I am not with my students this summer. They are interning in California. Studying in New Orleans. Each member of our merry band is alone, for the most part. It is a bad thing: they cannot lean on each other. It is a good thing: they cannot lean on each other. Since the semester ended, numerous students have reached out to tell me that the summer is a struggle. They demanded that I hold Bible study, which I had not thought to propose.
These are successful, charismatic young men. They live in “fun” cities riddled with every form of debaucherous entertainment. They are surrounded by participants willing to accompany them on whatever misadventure their overworked minds might dream up, and what are they doing instead? Calling their campus missionary to lament the depravity in their midst. Tuning into a Zoom call at 9PM on Wednesdays to talk about the Bible.

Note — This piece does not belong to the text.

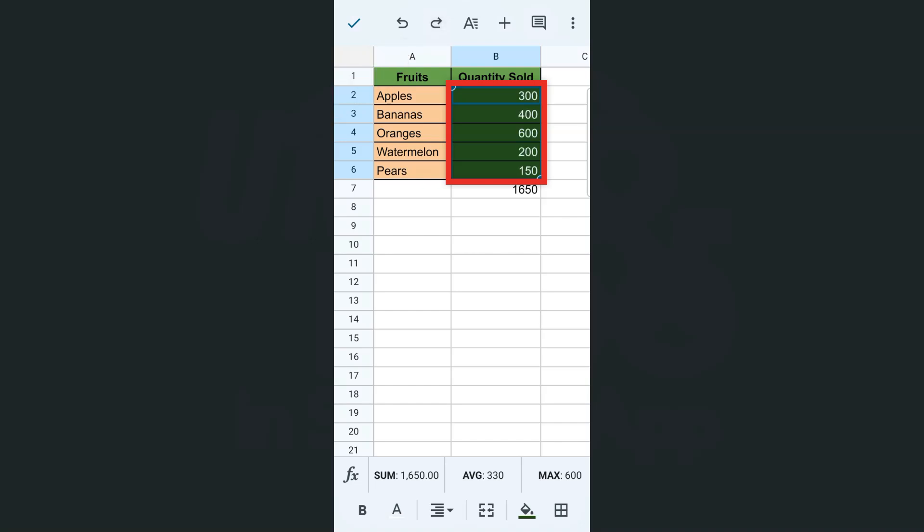Now if I want to redo that step, I'm just going to tap on redo. There you have it.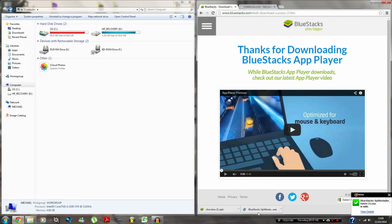So once that's done now, you've installed BlueStacks. Click on it, install it. And once you've installed it, just click through all the buttons or whatever.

In the fall, these students did not notice the poison in the air because they had not breathed anything else. Slowly, we carved out a space in a dirty, smelly, two-bedroom apartment that the fools did not even lock. There was clean air, and they learned to breathe it. It was a change that they did not notice until the summer took it away from them. Now they are holding their breath, coming up for gasps where they can find them. They breathe in the Lord through the virtue that their brothers express.
This time in history is a blessing for those exposed to the truth. Our surroundings are so backwards that their nature is impossible to ignore once seen for what they are. It is dangerous for anyone to go it alone, but every one of the students with whom I work knows his choice.